Filippo "Pilli" Colombo era la voce, e non solo, dei mai troppo compianti Suinage, band brianzola che tanta importanza ebbe nel rilancio della scena powerpop nostrana. Il cantante e chitarrista canturino, ora residente nel capoluogo lombardo, non ha perso tempo e, così come l'ex compare Flavio Torzillo, il cui nuovo progetto è già stato "recensito" qualche mese fa su queste pagine, è ricomparso sulle scene con l'extended play d'esordio della sua nuova band, i Labradors.

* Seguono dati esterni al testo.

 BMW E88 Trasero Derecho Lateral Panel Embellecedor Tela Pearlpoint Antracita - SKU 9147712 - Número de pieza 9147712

Ora, dobbiamo dire che Pilli è un songwriter nientemale, sissignori. Non ci fosse bastato, per comprenderlo, l'ascolto di Shaking Hands, ecco a noi una nuova, formidabile chance per ravvederci. The Roger Corman è infatti un ep perfetto, nel puro senso del termine. Venti minuti, grossomodo, scanditi da sei pezzi generalmente devastanti, non sto scherzando. Alzi la mano chi, tra di voi, non è un fan sfegatato del cantautorato powerpop alla Joe Jackson/Adam Marsland. Di braccia al cielo ne vodo pochine, e ci mancherebbe altro. Come non essere, del resto, almeno un pò, affezionati all'accattivante potenza di simili melodie soniche, scagliate addosso all'ascoltatore con piglio aggressivo il giusto, all'interno di canzoni che fanno saltare sulla sedia. Diciamo che se qualcuno avesse mai scritto un teorema sulla forma e la figurazione di quell'intersezione di genere formata da Jackson, Costello e, chiaramente, Evan Dando, l'ep d'esordio dei Labradors sarebbe potuto essere un ottimo esempio accademico.

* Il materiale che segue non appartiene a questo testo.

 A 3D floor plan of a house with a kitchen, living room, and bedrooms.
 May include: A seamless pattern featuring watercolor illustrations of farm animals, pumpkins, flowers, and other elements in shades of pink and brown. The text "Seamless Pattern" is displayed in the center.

I frammenti che compongono The Roger Corman ep sono tutti davvero meritevoli di continui ascolti, ma se dovessimo per forza citare gli episodi migliori dovremmo spezzare una lancia per l'introduttiva Just To Begin, per Devendra Banhart (che, per intenderci, nulla ha a che fare con l'eccentrico cantautore texano a livello di stile) e soprattutto per quel piccolo capolavoro chiamato Hawaii, un moderno rock'n'roll di spirito stradaiolo che, non chiedetemi il perché, mi fa pensare ad un'ipotetica e frizzantissima session in cui i Magic Numbers sono impegnati a rivisitare I Should Coco. Per la restante metà del dischetto, tutto estremamente godibile, valgano le considerazioni generali già esposte: il pantheon da cui la band trae ispirazione vi è ormai noto e, se aggiungete un songwriting di livello molto alto unito ad una sezione ritmica di grande potenza ed inventiva il gioco è fatto. Un'altra graditissima sorpresa per questa nuova età dell'oro del pop Italico.